(Sorry for the weird title, I really don't know how to describe this question in a line)
I am reading the book "Number Theory in Function Fields" by Rosen and it has an algebraic perspective on all the subject, and I was trying to get some sketchy introduction to the geometrical perspective. I got the book "Codes and Curves" by Judy Walker and I am trying to make the translation between definitions and objects in each book.
Rosen define divisors on a function field $F$ over a base field $k=\mathbb{F}_q$ to be the free abelian group over the set of all primes, and Walker's definition for a divisor on a projective, non-singular algebraic curve $f(x,y)=0$ is similar but not exactly the same, she defines it as the free abelian group over the set of "points with multiplicity"- if we have a point $P$ on the curve we're looking at its orbit under the froubenius map $x\mapsto x^q$, and this set is the "point with multiplicity".
Also, the principal divisor of an element $a\in F$ is defined (in Rosen's book) by $\sum_P v_P (x)P$ where $P$ are the primes of the function field, and $v_P$ are the valuations of these primes. Walker's definition is of divisors of rational functions $h/g$ of the curve, and it is done by taking the intersection divisors of $C_f \cap C_g, C_f\cap C_h$ and substracting them (where $C_f,C_g,C_h$ are the curves obtained by the zero locus of the equations of $f,g,h$). Finally, the definitions for the degree of a prime / point are different - the degree of $P$ is $[O_P/PO_P:k(x)]$ (where $O_P$ is the place of $P$) and the degree of the point $P$ on the curve is the size of its orbit under the Frobenius map $x\mapsto x^q$.

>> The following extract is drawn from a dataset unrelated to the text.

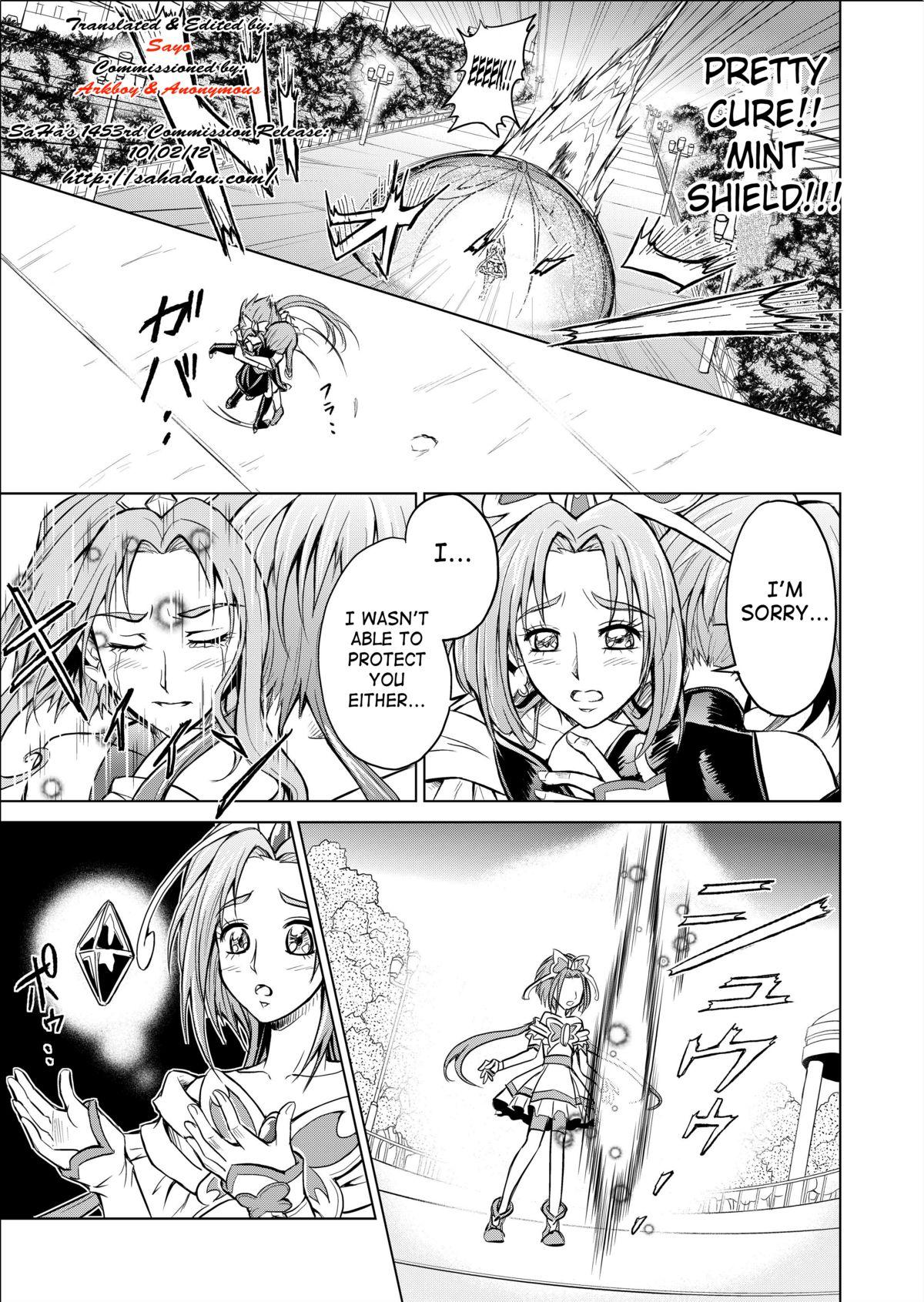 Milf Fuck [MACXE'S (monmon)] Mou Hitotsu no Ketsumatsu ~Henshin Heroine Kairaku Sennou Yes!! Precure 5 Hen~ Daisanwa | Another Conclusion 3 (Yes! Precure 5) [English] [SaHa] - Yes precure 5 Culos - Page 3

How each pair of definitions is connected to each other? (Thanks for taking the time to reading this!)
EDIT:
After some time I think I got this. For anyone who might be interested in the future, here are my uncertified thoughts about the big picture here. I'll be greatfull for corrections. For simplicity assume that the projectivization of $f(x,y)$, $F(x,y,z)$, gives a non-singular projective curve. Then we can look at the curve in $\mathbb{P}^2(\overline{k})$ that $F$ defines. There is an action of $Gal(\overline{k}/k)$ on this curve. This group is generated by the Frobenius homomorphism. The orbit of each point $P$ is of size $[k(P):k]$. Now look at the homomorphism $\psi_P:k[x,y]/f \to \overline{k}$ which maps $g(x,y)\mapsto g(P)$. The kernel is a prime ideal, hence maximal ($k[x,y]/f$ is a dedekind domain under the above assumptions). Since the image of $\psi_P$ is $k(P)$, the degree of $M$ is $[k(P):k]$. Thus the degrees here are really the same. To finish the big picture here, I claim that the ideal $M$ depends solely on the orbit. Indeed, if we take any other point in the orbit, $P'$, then $\psi_{P'}$ is the composition of $\psi_{P}$ with an isomorphism of $k(P)$ and $k(P')$ over $k$, which we can extend to a an element of $Gal(\overline{k}/k)$. Thus they have the same kernel.
With regard to divisors, I still do not fully understand it; though by thinking of elements in $F$ as functions on the curve, reduction mod a prime $P$ is equivalent to asking wether the function vanish, and then to ask its order of vanishing at $P$. Same about poles. But I really do not understand it computationally.